# EBRs fry second batch :) (Video)



## arash53 (Aug 13, 2011)

I bought a pair of EBRs from aquarium west on Sunday , they lay eggs this morning ? I'm so excited


----------



## jhj0112 (Jul 30, 2013)

congrats!  that was fast!  can you let me know your PH please? I'm trying to get my rams to breed for a while at PH 7.2 with no luck so far.


----------



## arash53 (Aug 13, 2011)

jhj0112 said:


> congrats!  that was fast!  can you let me know your PH please? I'm trying to get my rams to breed for a while at PH 7.2 with no luck so far.


Thanks, my PH is 5.5

Sent from Petguide.com App


----------



## Nicole (Nov 21, 2011)

Nice! You seem to have good luck with breeding haha. EBR only tank?


----------



## arash53 (Aug 13, 2011)

Nicole said:


> Nice! You seem to have good luck with breeding haha. EBR only tank?

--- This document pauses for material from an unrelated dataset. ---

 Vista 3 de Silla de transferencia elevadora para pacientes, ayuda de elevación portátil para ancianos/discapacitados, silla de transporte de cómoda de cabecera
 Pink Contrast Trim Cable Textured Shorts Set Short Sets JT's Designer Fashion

Yes finally ! But the first batch didn't make it , they are very young , I hope they figure out how to take care of eggs next time, and yes I have a pair of EBR and a pair of otos there

Sent from Petguide.com App


----------



## arash53 (Aug 13, 2011)




----------



## ScottD (Apr 18, 2014)

If u do I will buy some off of u


Sent from my iPhone using Tapatalk


----------



## cowchanplanted (Jun 16, 2014)

I will buy 12 of them if you can get them to a sell able size.

sent from the cowichan valley


----------



## Florios (Mar 16, 2013)

^^ ill buy a couple


----------